E-banking is defined by the Bangko Sentral ng Pilipinas (BSP) — the country’s central bank — as a system that enables bank clients to avail themselves of the bank’s products and services through the use of the Internet or a telephone.
Through e-banking, carriers are able to provide clients with more extensive access to diverse financial products, services and offerings. For the banks, the benefits include greater service efficiency and growth while cutting down information and transaction costs.
UCPB vice president Margarita Lopez told Computerworld Philippines that the stable increase in transactions reflect the growing acceptance of e-banking among bank customers as a secure, reliable and convenient delivery channel for accessing bank services.
For the first nine months of 2004, the total value of customer transactions through e-banking facilities has already reached 5.32 billion pesos (US$95 million), a 66 per cent increase from last year’s 3.19 billion pesos.
“This is a significant and exciting development because it indicates that bank clients have already reached a higher degree of sophistication and are ready for more e-banking offerings,” said Lopez.
Recent studies from research firm ACNielsen also showed that of the one million regular Internet users in the country today, 23 per cent are now performing e-banking transactions.
Data obtained from the BSP showed that the number of banks with e-banking permits grew to 42 during the first semester of the year from only 30 last year.
Of these 42 banks, 27 provide Internet banking services. Twenty-four of these are universal and commercial banks, while three are thrift banks.

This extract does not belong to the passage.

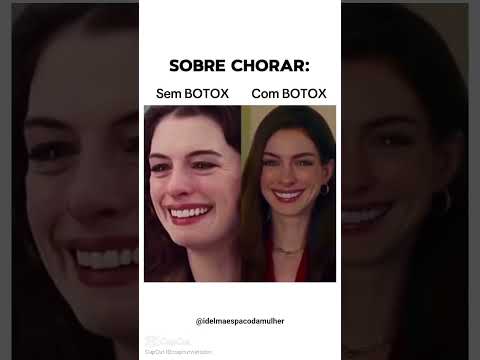 Botox suaviza as rugas, deixa a pele mais jovem e melhora a aparência.#botox #botoxnatural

The Bank of the Philippine Islands, Union Bank of the Philippines, Metropolitan Bank and Trust Co., Equitable-PCI Bank, and Citibank NA are just some of the banks that offer electronic banking. Preferred Channel
Although the bulk of UCPB’s e-banking transactions is still done over the telephone, Lopez noted that in a few years time, marked changes may emerge in the way banks provide financial services as well as the way clients conduct their businesses. “The Internet is quickly catching up as the preferred e-banking channel,” claimed Lopez.
UCPB Telebanking, the bank’s telephone banking service, posted its highest usage record so far during the first nine months of the year with 1.1 million transactions valued at 4.1 billion pesos.
Similarly, the use of Short Messaging System (SMS), better known as texting, through mobile phones is also growing in popularity among bank clients. Mobile phones have become a major payment instrument that now rivals the more established credit and debit cards.
Likewise, the government has also started to recognize the value of e-banking for improving the efficiency of its financial transactions with the public as more and more agencies start to automate their payment systems with the use of various e-banking models. Government agencies that have already taken the e-banking route include the Bureau of Internal Revenue, Bureau of Customs and the Security and Exchange Commission.
ACNielsen also pointed out that the increase in e-banking transactions can also help develop other Internet activities such as online shopping.
“Once people become comfortable doing their banking online, it becomes a small step to try out other Internet activities like online shopping,” said ACNielsen Philippines’ information chief Elena “Bing” Van Tooren.